Después fue el abrazo a Guíñez, que se jugó una carta en su atropellada, quedando finalmente quinto. Y la efusiva felicitación a Sensini, octavo en una magnífica demostración de disciplina. El propio Sensini gritó después de llegar: 

-¡Ganó Cabrera, es como si hubiera ganado yo!..." 

Sobre la plataforma del homenaje, en lo alto, la bandera y el nombre de la patria junto a su apellido. Delfo Cabrera había estado más grande que nunca. Muy cerca de él, pisando el césped de Wembley, cantamos las estrofas del Himno. Las cantamos para todos los argentinos, llevándolos en la garganta y sintiéndolos en el corazón.
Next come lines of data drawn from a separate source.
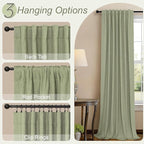 Light Sage Green Back Tab Blackout Curtains - Image 6
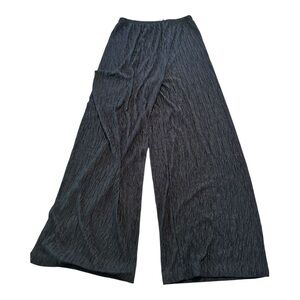 Avon Crinkle Pleated Wide Leg Pants Black Sz M Textured Vintage Stretchy 28x27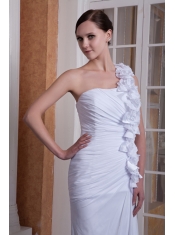 Prom Dress Pretty Column One Shoulder Brush Train Hand Made Flower Chiffon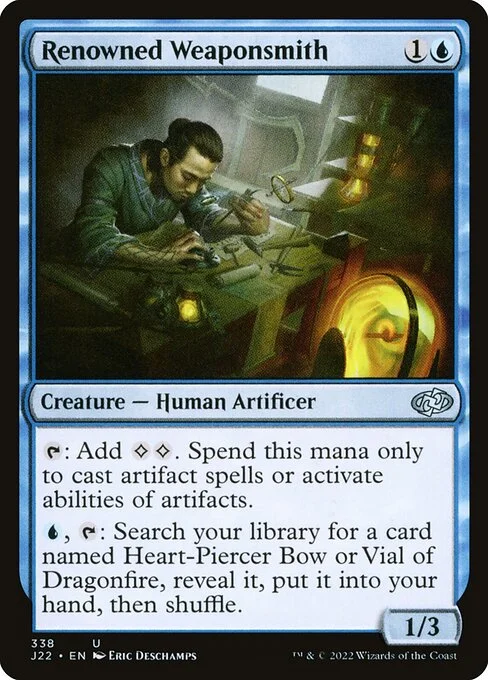 Renowned Weaponsmith, carta Magic di tipo Creature — Human Artificer illustrata da Eric Deschamps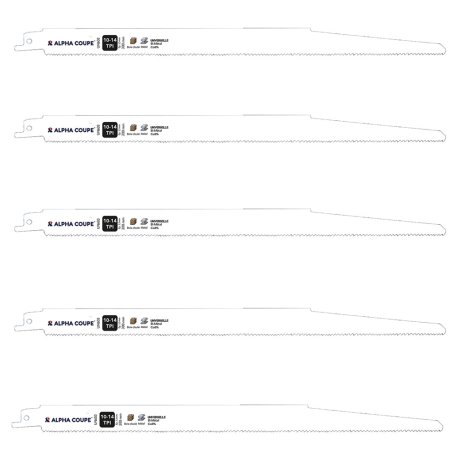 Boîte de 5 lames fines de scie sabre bi-métal Cobalt 8% 300 mm - 10/14 TPI - ALPHA COUPE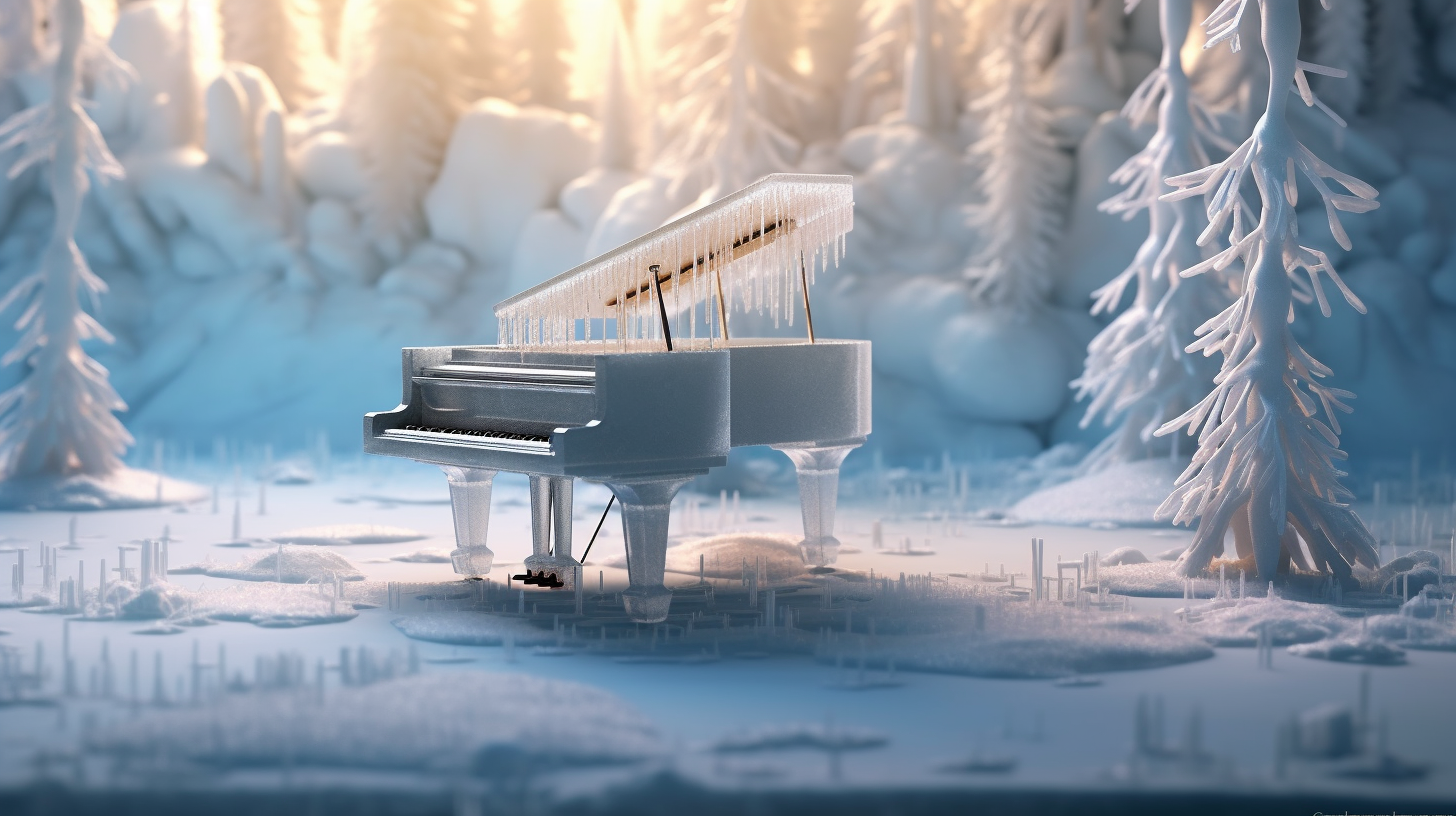 Crystal piano on serene backdrop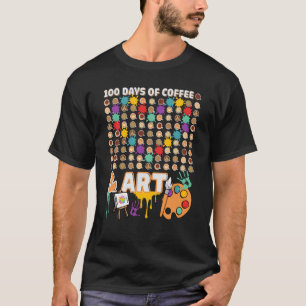 T-shirt Professeur D'Art 100E Jour De L'École Artiste Café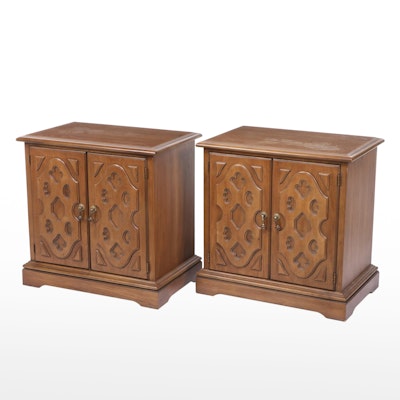 Drexel Spanish Baroque Style Carved Walnut Finished Side Cabinets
Yo, con mi Argentina en el corazón, con todos mis amigos gritando en mi voz, viví unos minutos que jamás había soñado y que nunca olvidaré. Mentiría si pretendiera escapar a los lugares comunes y decir que no hice cuestión de patria. ¡Cómo no! No creo que nadie pueda ver a un compatriota triunfante en la máxima competencia deportiva del mundo y detenerse a pensar que no es nada más que un juego. Podrá manifestarse el júbilo en forma desbordante o con discreta sobriedad. Pero la patria "está ahí". Se oye su voz y se siente su latido. Yo no lloré. Tampoco podía hablar. Grité -ustedes conmigo- hasta el instante en que Cabrera cruzó la meta, llevándose con el pecho ese hilo que se extiende a lo ancho de la pista, como barrera que cierra el paso hacia los campos de la fama y sólo se abre ante la grandeza de los vencedores. Desde ese instante ya no grité más. Algo significa el nombre de Delfo Cabrera en el deporte argentino. Era lógico, natural, esperar que significara también algo en el deporte mundial. Lo que difícilmente hubiéramos podido imaginar es que llegara a significar tanto para nosotros. Porque, llevados por nuestro entusiasmo, no debemos caer en el error de olvidar la causa fundamental de ese momento inolvidable: si gritamos primero y enmudecimos después, si sentimos que Wembley era nuestro y vimos cómo brillaba un rectángulo celeste y blanco sobre el gris del horizonte, eso se lo debemos a Delfo Cabrera. A su esfuerzo y a su calidad.